Allen Referaten war das Interesse am Spannungsverhältnis zwischen Erfahrung einerseits und ihrer literarischen Manifestation andererseits gemeinsam. Von den Vortragenden wurde hervorgehoben, dass beides untrennbar miteinander verbunden sei: Erfahrung braucht Erzählstrukturen, auch wenn sie sich ihnen permanent entzieht. Sie ist etwas Subjektives, das seinem Wesen nach geradezu danach verlangt, verbalisiert zu werden, um in einer Gemeinschaft kursieren zu können. Denn wenn Erfahrung nicht mitgeteilt wird, geht sie verloren. Auch das gegenläufige Modell stand im Raum: Die Literatur kann menschliche Erfahrung modellieren, konstituieren und ihr einen Rahmen setzen. Die Vortragenden strebten jedoch nicht ausschließlich eine theoretische Auseinandersetzung mit dem Phänomen der Erfahrung im Allgemeinen an, sondern in den Tagungsbeiträgen wurden, neben den philosophischen Positionen (u. a. von Blanchot, Bloch, Blumenberg oder Merleau-Ponty), vor allem poetologische Strategien und ästhetische Prinzipien der Erfahrungsdarstellung in literarischen Werken erforscht.

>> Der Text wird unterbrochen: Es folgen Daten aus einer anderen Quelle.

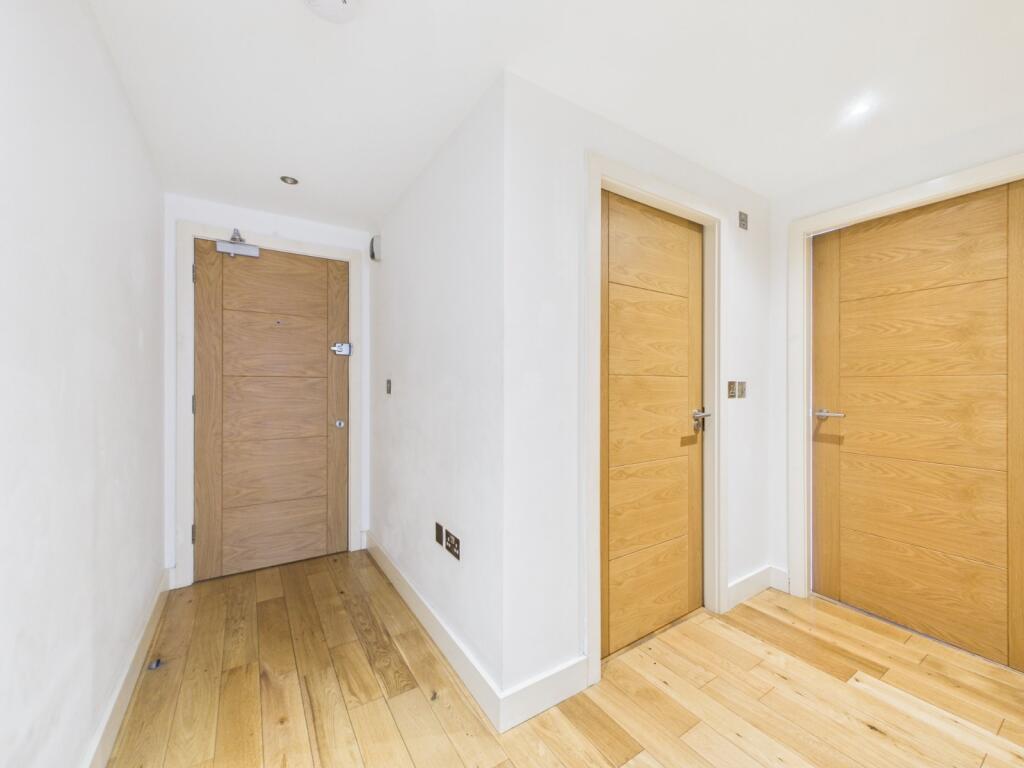 Apartment in Twickenham - View 5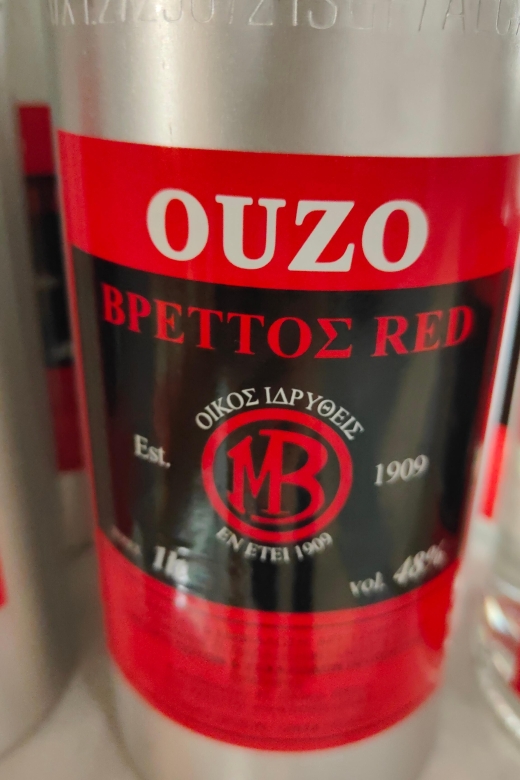Athens: Ouzo Tasting at Brettos Plaka - What the sommelier explains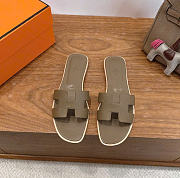 Kitlife Hermes Oran Sandals Taupe - 1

Im Fokus der Tagung stand die Prosa der Klassischen Moderne, die sich programmatisch von der traditionellen Erzählweise des 19. Jahrhunderts distanzierte und nach neuen Artikulationsmöglichkeiten für die zersprengte Verfasstheit des modernen Menschen suchte. Anhand von exemplarischen Analysen wurden Poetiken verschriftlichter Erfahrung ausgearbeitet. Besondere Aufmerksamkeit schenkten die Vortragenden den Autoren aus mitteleuropäischen Grenzgebieten, wie etwa Herzl, Kafka, Morgenstern, Musil, Roth, Werfel oder Wittlin. Diese Auswahl ist zum einen auf die besondere Erfahrungsqualität dieses Kulturraums zurückzuführen, der durch seine Heterogenität zum transgressiven Denken herausforderte. Zum anderen scheint das Grenzgebiet als Metapher das Phänomen der Erfahrung auf den Punkt zu bringen. Die Erfahrung lässt sich, wie sich gezeigt hat, als eine Vernetzung des Hybriden beschreiben und an der Grenze zwischen Dualismen verorten. Sie verbindet in sich das Sinnliche und Kognitive, das Individuelle und Kollektive sowie das Aktive und Passive: Das Individuum ist zwar während des Erfahrens ein Agens, wird aber zugleich der Welt widerstandslos ausgesetzt, die ihm erst durch diesen Prozess zugänglich gemacht wird.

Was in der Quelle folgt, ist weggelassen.